From the null container, a default accessor can return a token representing a standard Info property of the part that is the current context. If you do not provide such an accessor, or if your accessor does not handle this task, the name resolver uses this default accessor to return a reference to a standard Info property of your part.
The token returned by this default accessor has a private format. See the note "Default accessors require default handlers" at the end of this section for an explanation.
From a container of type cPart, a default accessor can return a swap token (see "Returning a Swap Token"), so that the name resolver can switch the context from the current part to a more deeply embedded one.

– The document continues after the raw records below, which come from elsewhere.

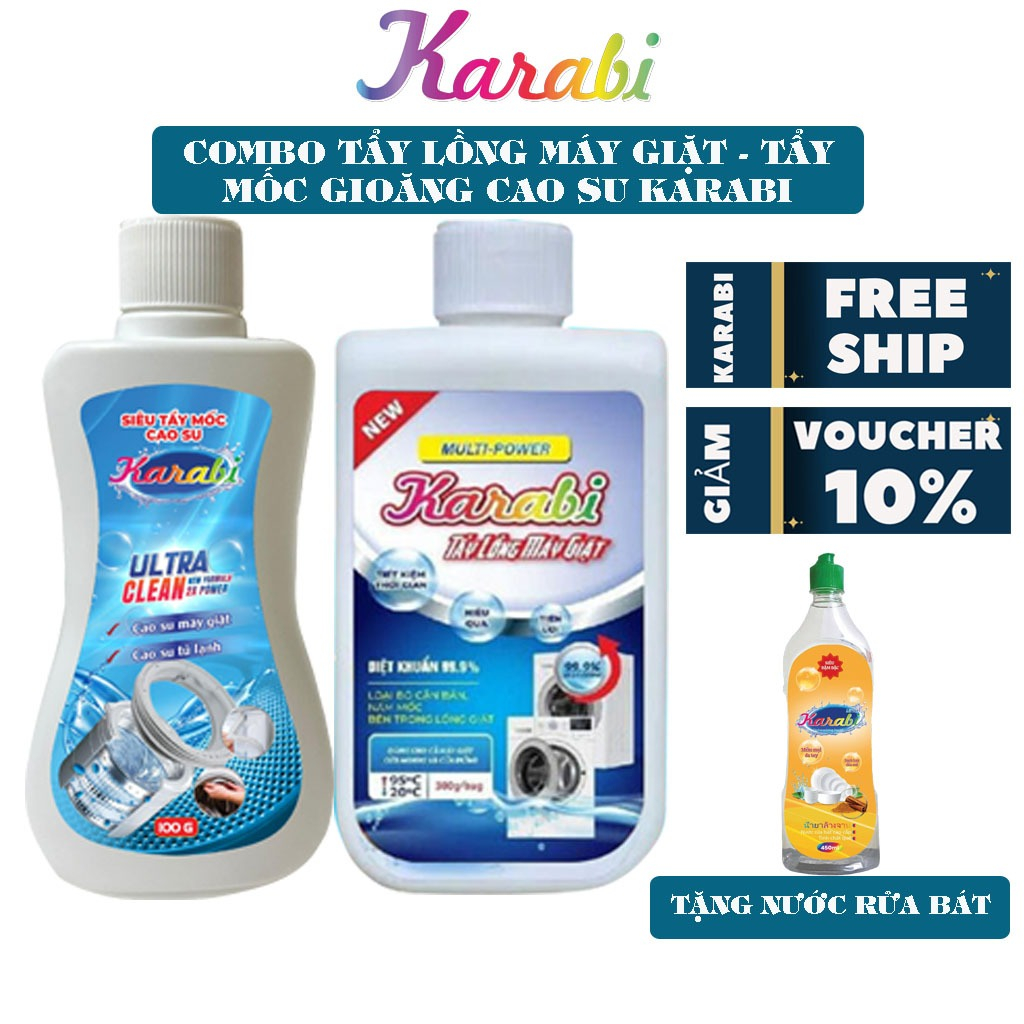 Combo 2 Chai Tẩy Lồng Máy Giặt Karabi 300gr + Siêu Tẩy Mốc Cao Su Karabi 100gr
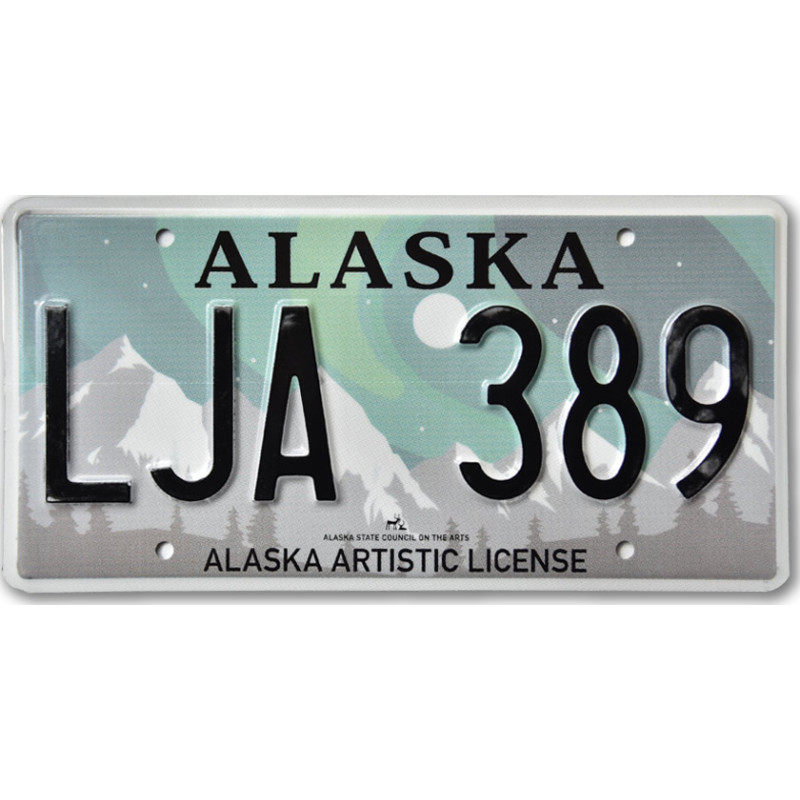 Americká SPZ Alaska Aurora Borealis LJA 389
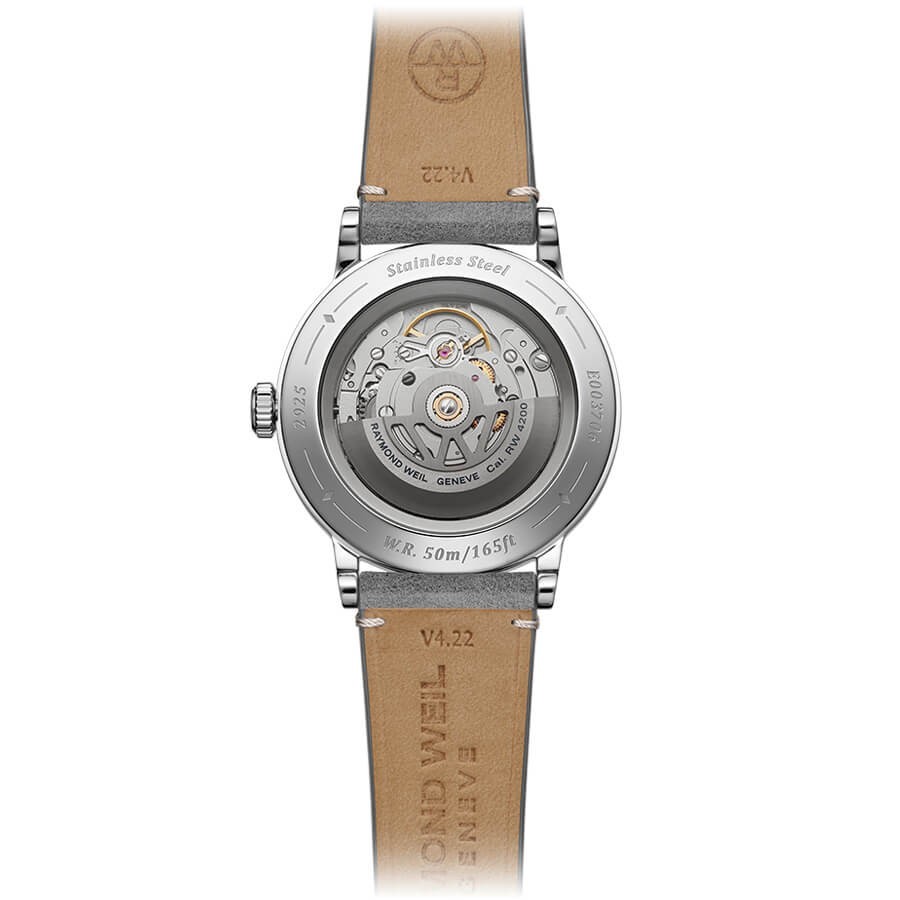 Raymond Weil Millesime Salmon Sector Dial Grey Leather Strap 2925-STC-80001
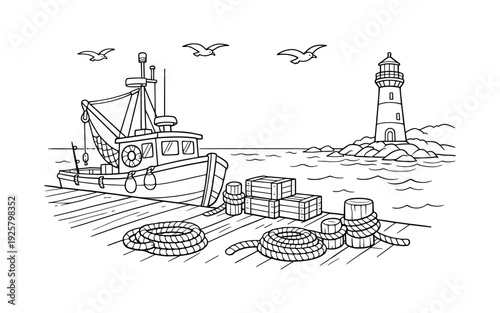 Fishing boat docked at pier with lighthouse and seagulls overhead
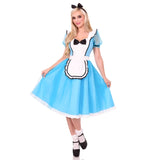 Woman wearing a blue and white dress with a black bow tie on a white background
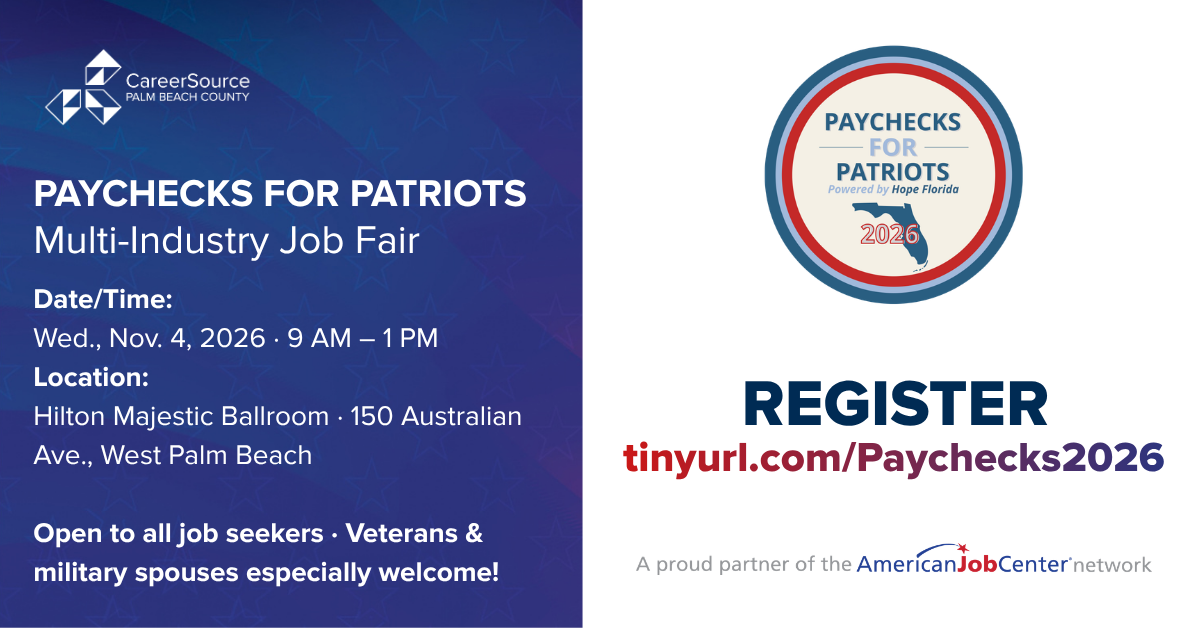 More Than 85 Employers Ready to Hire at Paychecks for Patriots Job Fair Nov. 4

If you do not provide such an accessor, or if your accessor does not handle this task, the name resolver uses this default accessor to change the context to the appropriate part embedded within your part.

If your part editor supports scripting but you do not want to duplicate the functions of these default accessors, you can write accessors only for tasks beyond the defaults: accessing objects in your part's intrinsic content, accessing Info properties that you have defined for your own part or for parts embedded in your part, altering the ordering/indexing scheme for embedded parts, and so on.
When one of your object accessors receives a token that it does not recognize as having been created by another of your own object accessors, it can simply return the Apple event error errAEEventNotHandled to the name resolver. The name resolver then attempts the resolution with the default accessors.

Default accessors require default handlers
Tokens created by your object accessors contain data in a format that your semantic-event handlers can understand, whereas tokens describing Info properties created by the default accessors are in a private format. Therefore, if you allow the default accessor to return tokens for the standard Info properties, you also need to allow the default Get Data and Set Data handlers to manipulate those standard Info properties. In that case, your own Get Data and Set Data handlers need only manipulate your intrinsic content plus any custom properties you have defined for your part or for embedded parts.

Standard Embedded-Frame Token
To allow access to scriptable parts embedded within parts that are not scriptable, OpenDoc provides a default embedded-part accessor, as described in the previous section. That accessor returns a token in a standard format. The token has a descriptor type cPart, and its dataHandle field contains only a frame pointer and a part pointer (of type ODFrame* and ODPart*, respectively).
If your part is a container part and is scriptable, it must be able to support the creation and reading of an embedded-frame token, either through its own object accessors or by letting the default part accessor construct the token. If you use a private format to describe an embedded-frame token, you must provide a coercion handler so that OpenDoc can coerce the token into the standard format when necessary.